**Exercise objective**
Once you find the line with "Horizontal baler with" in the listing below, set down exactly every line from it through the line with "Triangles Pie, Puff", but no pictures.

**Working data**
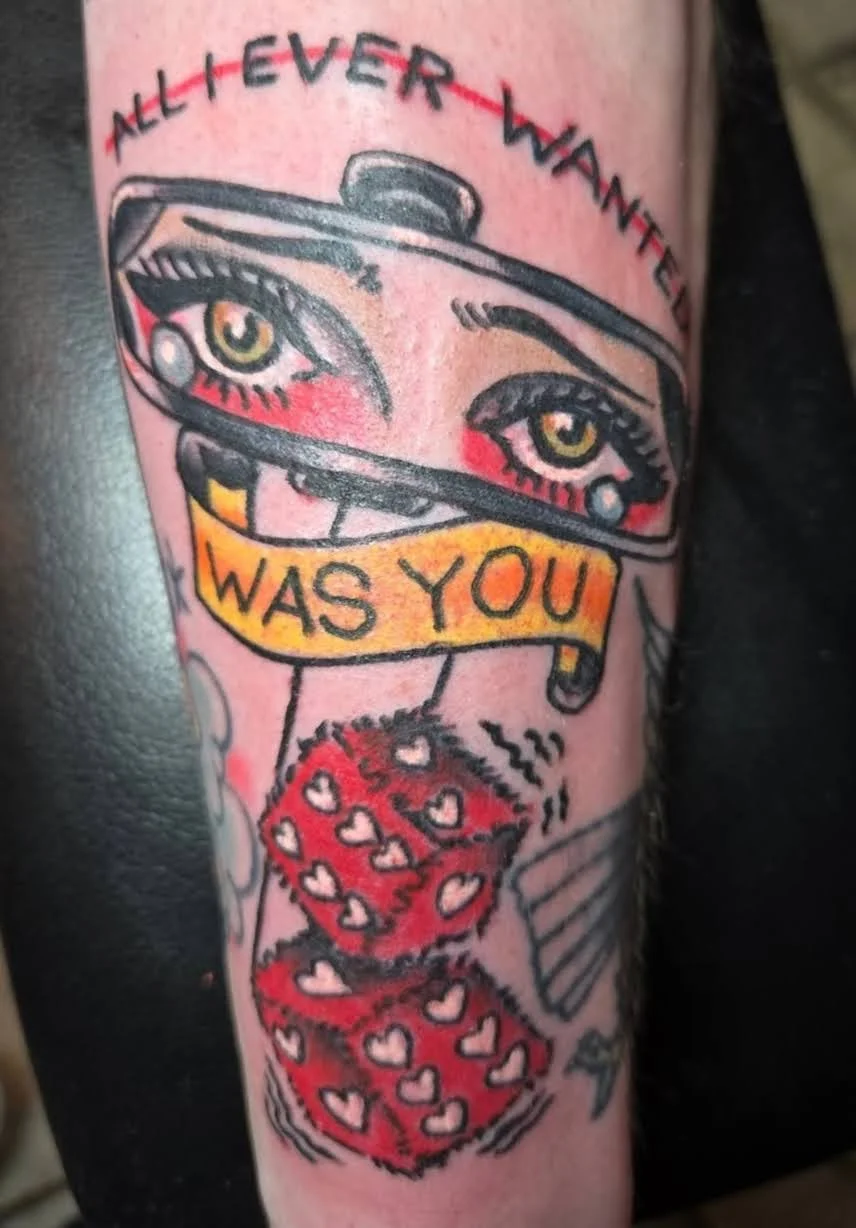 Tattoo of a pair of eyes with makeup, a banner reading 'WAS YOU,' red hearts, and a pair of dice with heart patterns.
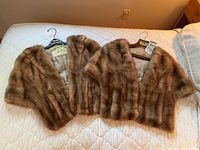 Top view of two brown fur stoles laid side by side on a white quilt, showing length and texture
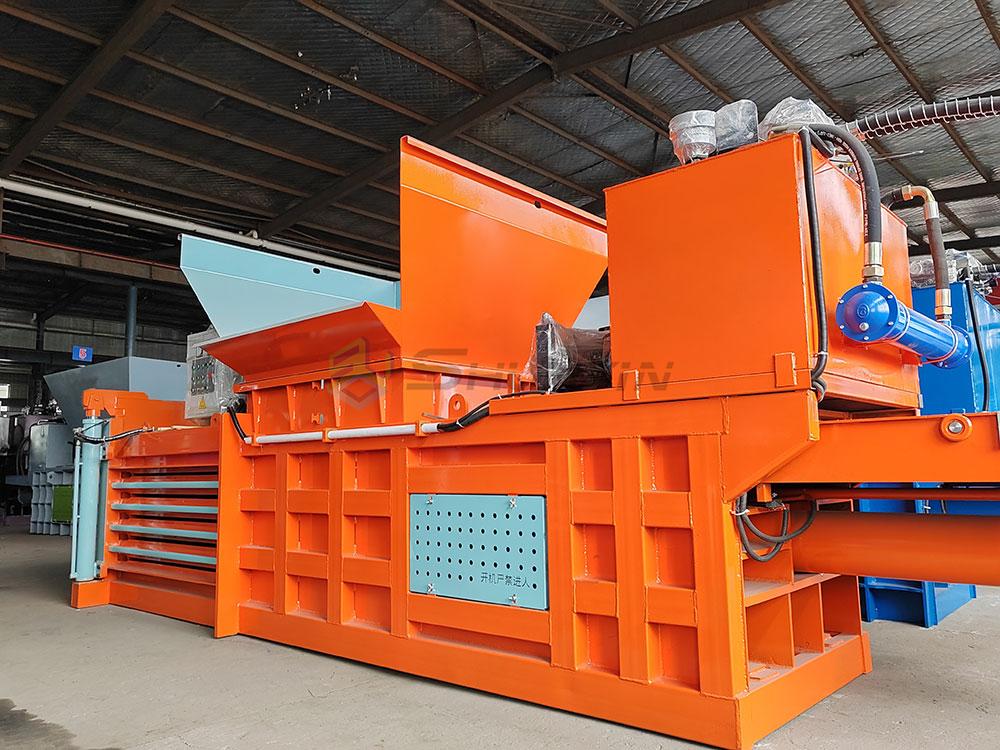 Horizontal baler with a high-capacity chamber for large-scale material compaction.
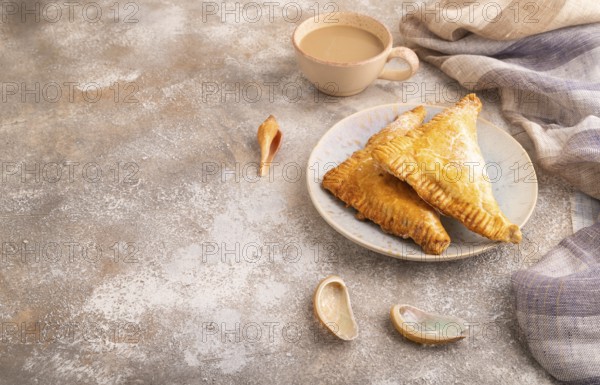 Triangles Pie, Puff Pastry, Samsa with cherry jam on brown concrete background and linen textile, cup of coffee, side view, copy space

* * *

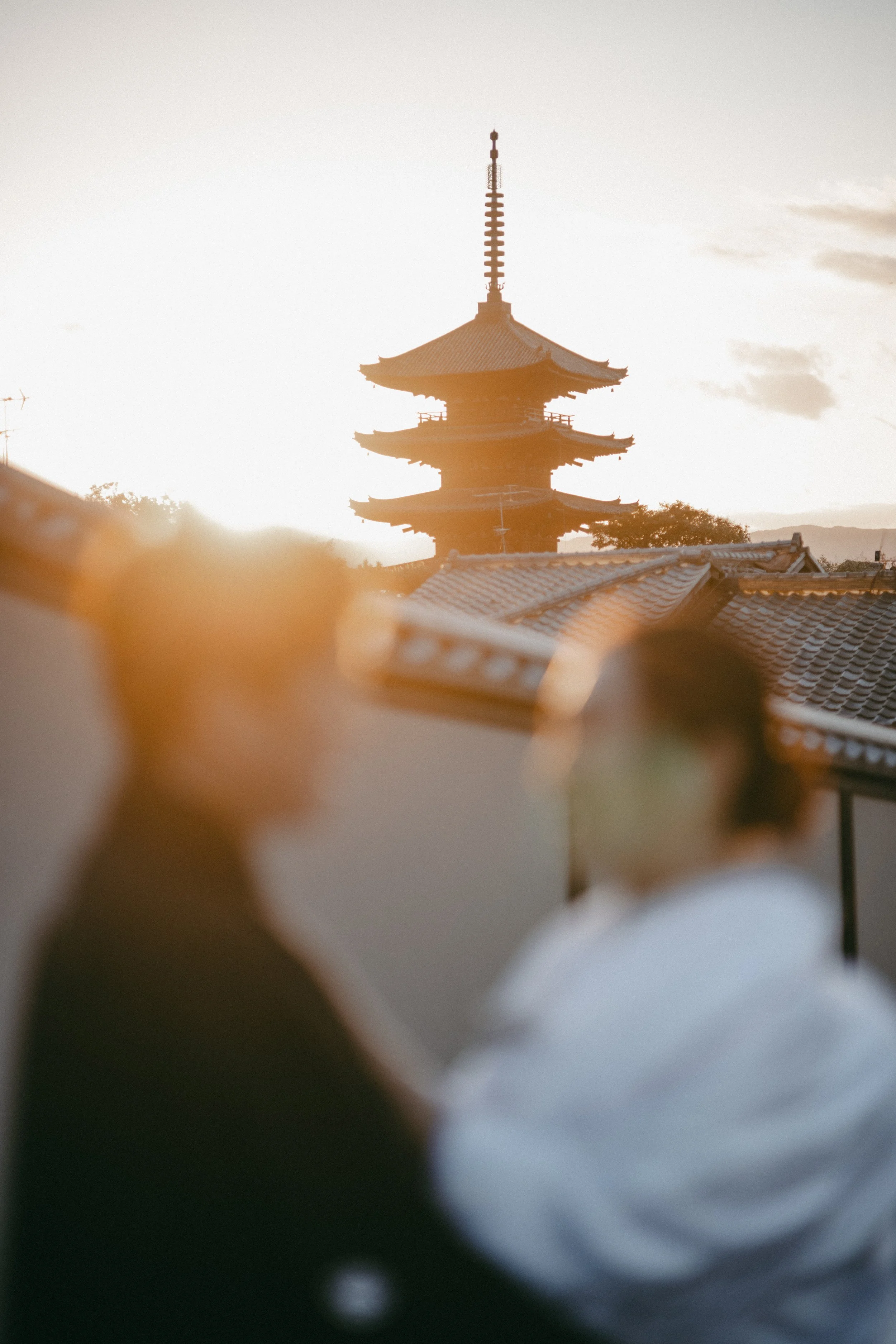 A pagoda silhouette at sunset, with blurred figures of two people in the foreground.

**Output below**
 Horizontal baler with a high-capacity chamber for large-scale material compaction.
 Triangles Pie, Puff Pastry, Samsa with cherry jam on brown concrete background and linen textile, cup of coffee, side view, copy space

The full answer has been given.